=== Begin Enclosure ===

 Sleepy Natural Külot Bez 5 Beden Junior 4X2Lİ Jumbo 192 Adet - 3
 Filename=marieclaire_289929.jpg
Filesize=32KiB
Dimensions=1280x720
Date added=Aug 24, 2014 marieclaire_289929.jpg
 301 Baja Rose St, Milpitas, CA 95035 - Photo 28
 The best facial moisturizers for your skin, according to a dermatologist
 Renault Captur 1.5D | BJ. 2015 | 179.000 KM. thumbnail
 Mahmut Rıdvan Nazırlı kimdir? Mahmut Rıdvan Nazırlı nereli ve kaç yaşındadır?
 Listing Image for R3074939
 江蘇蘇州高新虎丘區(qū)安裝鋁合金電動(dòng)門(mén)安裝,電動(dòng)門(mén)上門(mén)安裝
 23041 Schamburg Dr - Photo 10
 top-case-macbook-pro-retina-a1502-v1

=== End Enclosure ===
=== Begin Enclosure ===

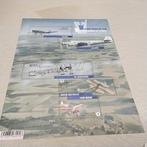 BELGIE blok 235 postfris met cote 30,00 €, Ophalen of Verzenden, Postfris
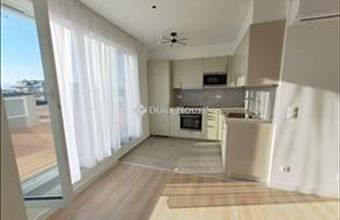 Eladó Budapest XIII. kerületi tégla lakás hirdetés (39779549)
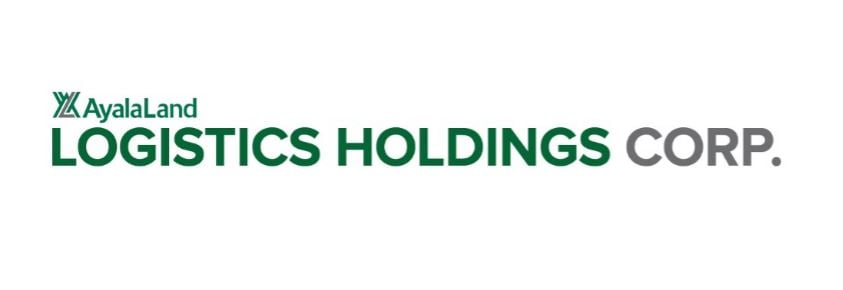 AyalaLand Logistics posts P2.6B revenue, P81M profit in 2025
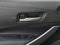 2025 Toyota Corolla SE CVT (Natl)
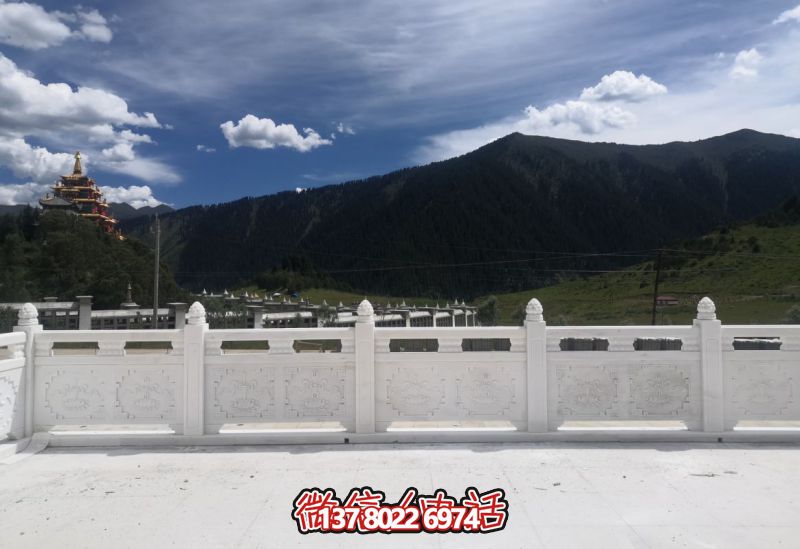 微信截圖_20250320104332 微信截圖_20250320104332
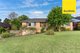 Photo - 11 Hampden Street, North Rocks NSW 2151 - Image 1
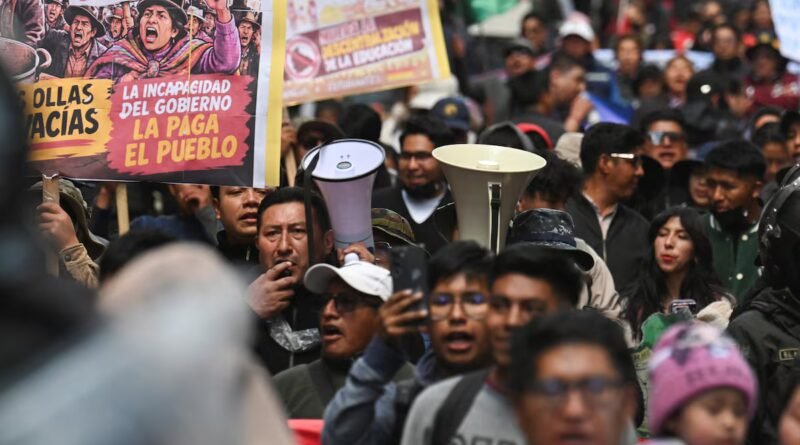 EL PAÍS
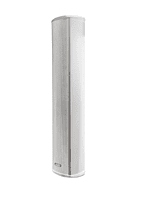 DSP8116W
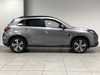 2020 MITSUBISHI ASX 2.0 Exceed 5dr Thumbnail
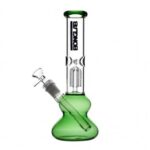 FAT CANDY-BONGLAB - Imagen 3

=== End Enclosure ===
=== Begin Enclosure ===

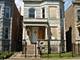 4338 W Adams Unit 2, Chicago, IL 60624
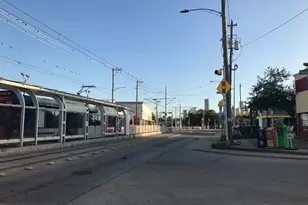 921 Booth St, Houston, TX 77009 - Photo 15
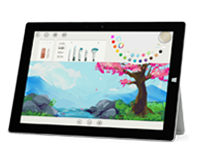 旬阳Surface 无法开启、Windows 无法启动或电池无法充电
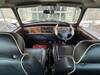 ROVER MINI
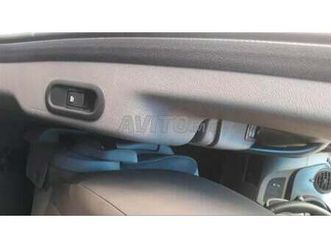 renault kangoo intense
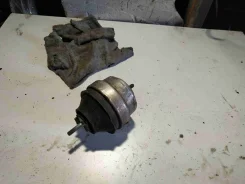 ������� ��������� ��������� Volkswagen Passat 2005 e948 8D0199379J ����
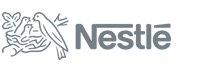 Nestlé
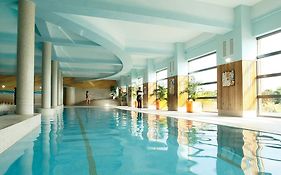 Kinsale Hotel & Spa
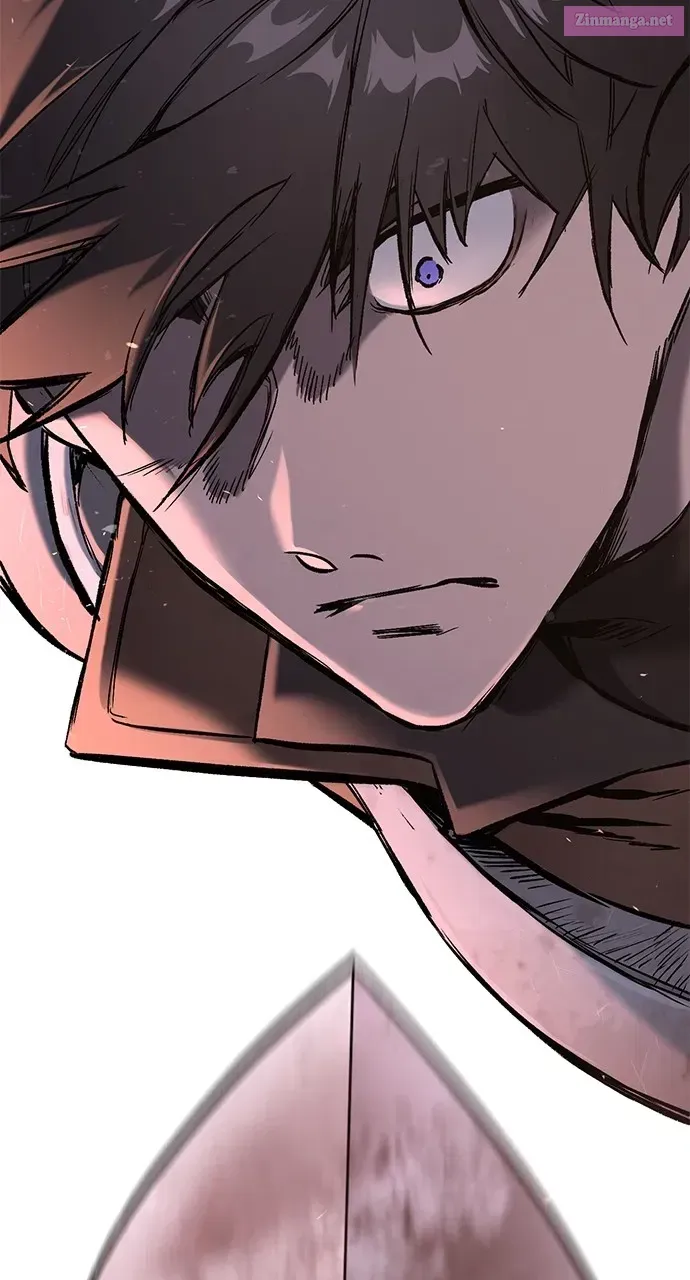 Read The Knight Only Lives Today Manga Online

=== End Enclosure ===

Start at the line containing "AyalaLand Logistics posts" above and stop at the line containing "FAT CANDY-BONGLAB - Imagen 3". Output those lines exactly, both included, but none of the pictures.

 AyalaLand Logistics posts P2.6B revenue, P81M profit in 2025
 2025 Toyota Corolla SE CVT (Natl)
 微信截圖_20250320104332 微信截圖_20250320104332
 Photo - 11 Hampden Street, North Rocks NSW 2151 - Image 1
 EL PAÍS
 DSP8116W
 2020 MITSUBISHI ASX 2.0 Exceed 5dr Thumbnail
 FAT CANDY-BONGLAB - Imagen 3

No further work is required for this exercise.